Required work:
From the records below, print only the part that opens with the line containing "a view of a hallway with windows" and closes with the line containing "window seat infront"; omit the pictures.

Available data below:

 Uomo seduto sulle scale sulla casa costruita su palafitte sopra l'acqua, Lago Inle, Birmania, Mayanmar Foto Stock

End of Available data.
Available data below:

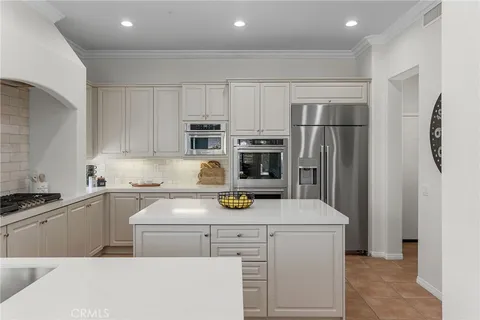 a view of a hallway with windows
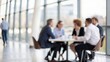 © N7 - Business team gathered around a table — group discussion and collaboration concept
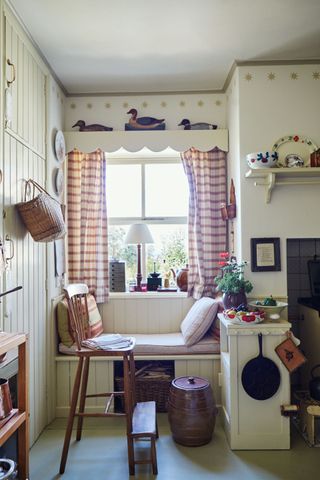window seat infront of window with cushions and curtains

End of Available data.

Solution to this problem:
 a view of a hallway with windows
 © N7 - Business team gathered around a table — group discussion and collaboration concept
window seat infront of window with cushions and curtains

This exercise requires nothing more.